I have a question for anyone who has a bolt-modded Model M.

I've been looking into it for a day or two, since I noticed my M has lost a bunch of rivets (12) but all the keys currently still work. I'm feeling like I should bolt-mod it. There's one thing someone said in passing that I would like to confirm.

Read this by jdcarpre: How I Learned to Love the IBM Model M Keyboard... Again! or Why Bolt Modding is a Valuable Service


== == == == ==

Does the bolt mod prevent the board from laying flat on the desk without the feet extended?
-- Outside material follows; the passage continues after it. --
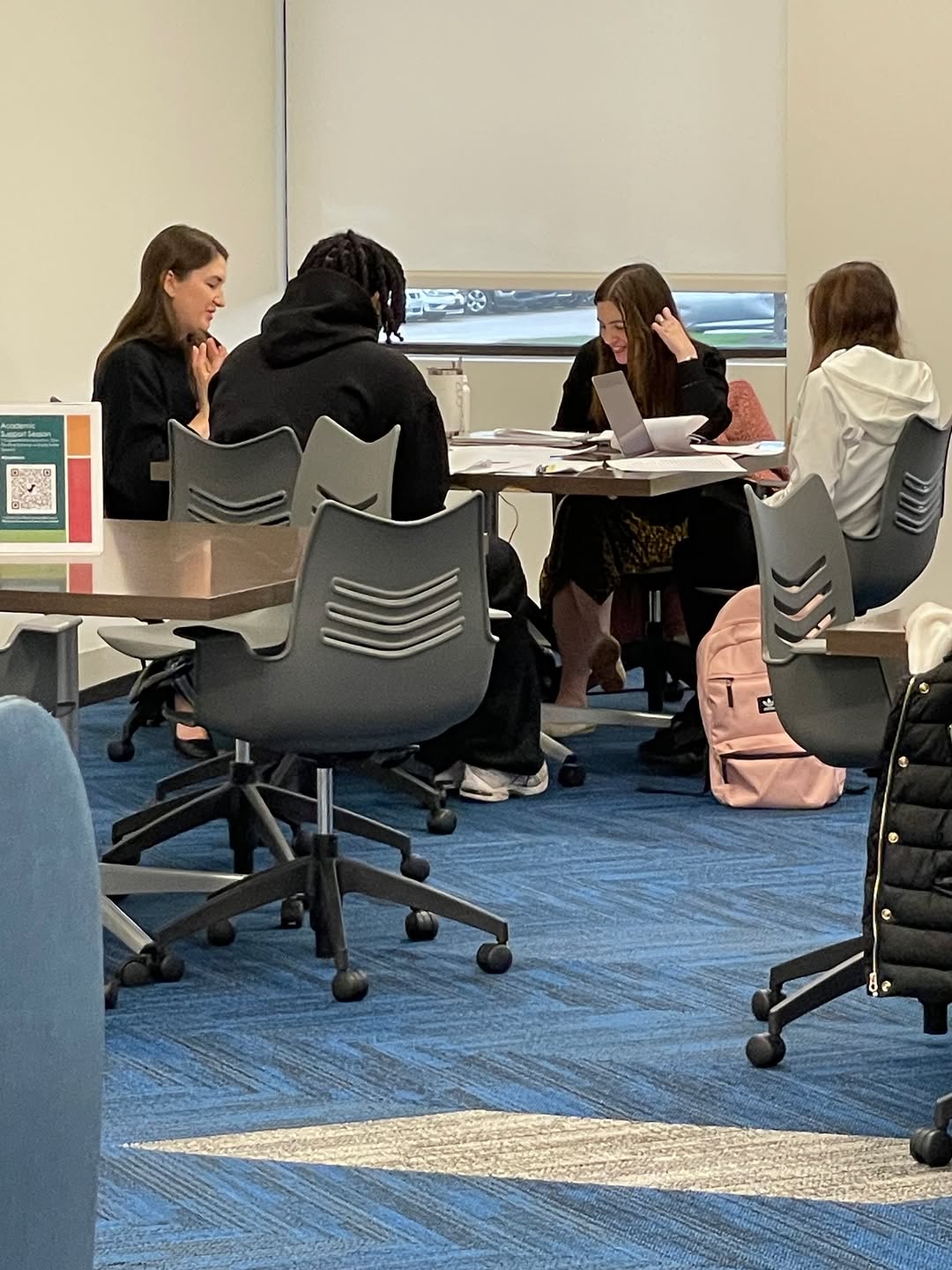 Sometimes, faculty and students need a change in scenery. Thank you Dr. McVay and Dr. Trostel for using the library as an alternative space to your classroom today.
I always use my keyboards flat, so that might somewhat ruin it for me.

The bolts go on the internals so it won't affect the way the keyboard sits on a desk.

== == == == ==

Also, approximately how much do the supplies and tools cost to do it?

For my bolt mod, I followed dorkvader's guide and the GH wiki (cached since it is down).

I used the following:
- 5.5mm or 7/32" thin-walled nut driver to open the case
- 4mm socket to remove the ground
- a chisel to remove the other rivets
- a Dremel
- a dremel bit with a rounded tip
- a 1/16" drill bit

The wiki listed the following parts:
- 87 x M2 Screw, 8mm Length, .4mm Pitch (McMaster Carr 92005A029)
- 87 x M2 Nut, .4mm Pitch (McMaster Carr 90592A004)
- 87 x M2 Washer (McMaster Carr 93475A196)

Locally, I purchased a stainless steel M2 8mm screw, nut, and washer set at PHP 6.00 (~US$ 0.14) per set.

== == == == ==

Is there much risk of damaging the board if I don't have any experience with drilling?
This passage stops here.